According to a blog post by Jim Ivers, vice president of marketing at the Synopsys Software Integrity Group, one of the new vulnerabilities in the OWASP Top 10 2017 list is a “point of contention and represent a slippery slope departure from the Top 10’s original tenants of risk management,” he wrote.

“It is the position of Synopsys that software security technologies emerge and evolve rapidly. Therefore, it is prudent to resist including any elements that prescribe security controls, particular security testing, or particular security testing products in the Top 10 Application Security Risks list—as presented in the new revision. We believe that such prescriptive language may induce organizations to rely too heavily on any one technology; thus, leaving themselves vulnerable to attack, which is contrary to the spirit and intent of the list,” wrote Ivers.

Synopsys prepared an article as an official response to call for review of the latest revision of the OWASP Top 10, which was prepared by John Steven, senior director of Security Technology and Applied Research of the Synopsys Software Integrity Group.

According to Steven, Synopsys recommends “replacing proposed entry A7 with a defensible security risk prior to finalizing the new Top 10 list and making it generally available.”

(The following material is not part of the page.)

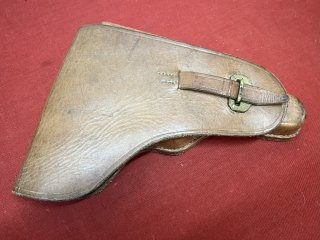 Original bulgarisches Parabellum-Holster für P08 – selten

“In general, we caution against including any elements that prescribe security controls or particular security testing in the Top 10 Application Security Risks list, as the newly proposed entries A7 and A10 do. We believe that such inclusions muddle the clarity and purpose of the OWASP Top 10 as well as reduce its utility,” wrote Steven in his article to OWASP.

One of the main issues with the A7 addition is that if the proposed A7 were to be re-worded as risk, it is unclear which we are considering, said Steven. For instance, it could be risk resulting from: Process and other organizational gaps resulting in a security initiative’s lack of patching capabilities; or control-centric gaps resulting in failure of an application to exhibit an emergent behavior coined “attack protection.”

Steven and Synopsys invites other organizations and individuals to consider their position and provide comments regarding the new language to OWASP, by the June 30 deadline. OWASP plans to release the final public release of the OWASP Top 10 2017 in July or August 2017 after the public comment period ends on June 30.